The Dataset class is a convenient class that represent a dataset that can be used for evaluation.

The dataset class can be initialized with a path to a folder or a file. The folder should contain the following files:

  • dataset.jsonl which contains a collection of query / instructions and corresponding reference outputs by the modules in the pipeline.
  • an optional manifest.yaml which declares the structure and fields of the dataset, the license and other metadata.
from continuous_eval.eval import Dataset
dataset = Dataset("path_to_folder") # or Dataset("path_to_file.jsonl")

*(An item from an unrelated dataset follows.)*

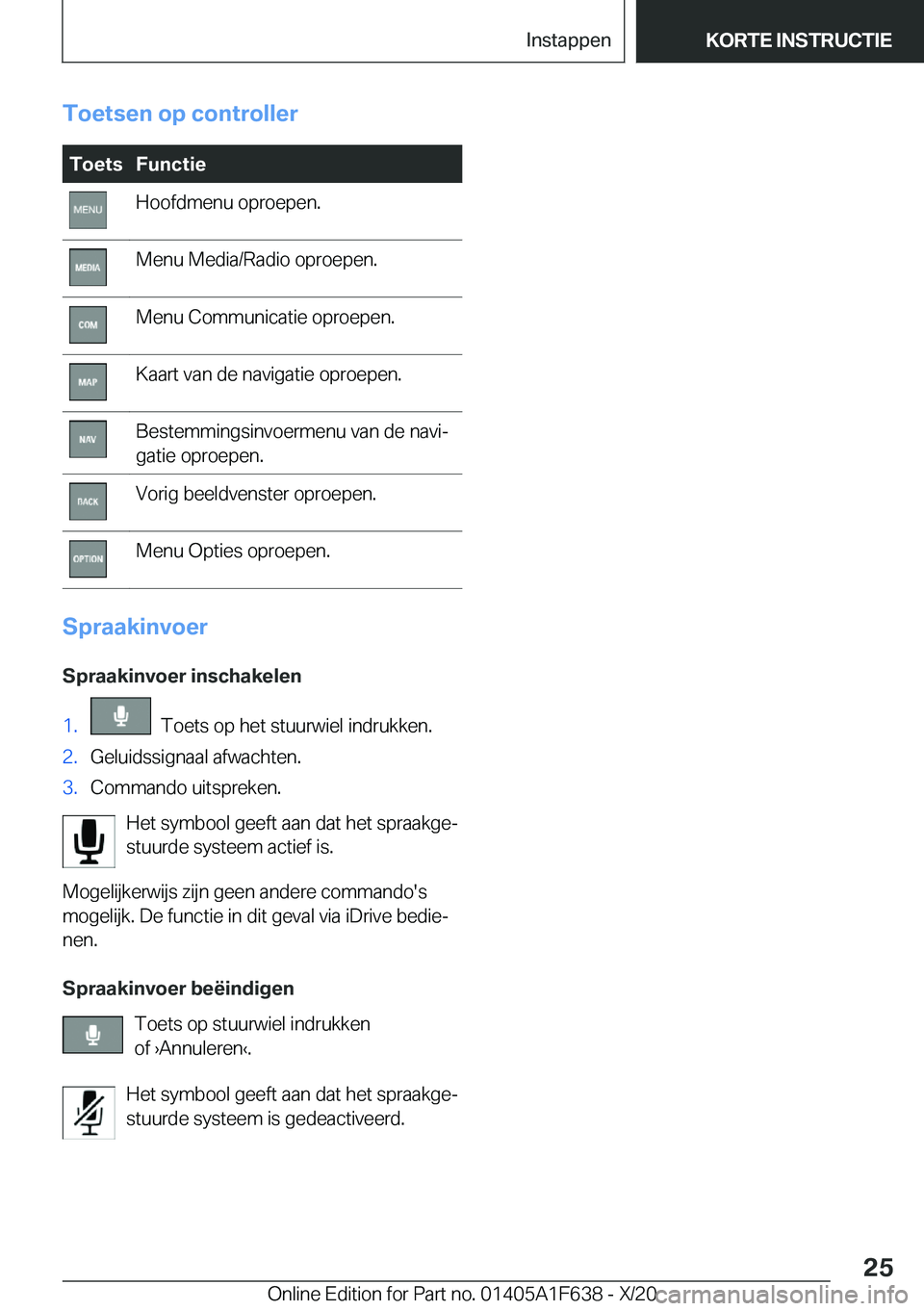 BMW X4 2021  Instructieboekjes (in Dutch) �T�o�e�t�s�e�n��o�p��c�o�n�t�r�o�l�l�e�r�T�o�e�t�s�F�u�n�c�t�i�e�H�o�o�f�d�m�e�n�u��o�p�r�o�e�p�e�n�.�M�e�n�u��M�e�d�i�a�/�R�a�d�i�o��o�p�r�o�e�p�e�n�.�M�e�n�u��C�o�m�m�u�n�i�c�a�t�i�e��o�p�r�o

Alternatively, you can also create a dataset from a list of dictionaries:

dataset = Dataset.from_data([
{"question": "What is the capital of France?", "answer": "Paris"},
{"question": "What is the capital of Germany?", "answer": "Berlin"},
])

To access the raw data, you can use the data attribute:

print(dataset.data[0])

Dataset fields

Suppose you want to reference a dataset field, you can use the DatasetField class:

class DatasetField:
name: str
type: type = typing.Any # type: ignore
description: str = ""
is_ground_truth: bool = False

When you load the dataset, the Dataset class will automatically infer the fields from the data.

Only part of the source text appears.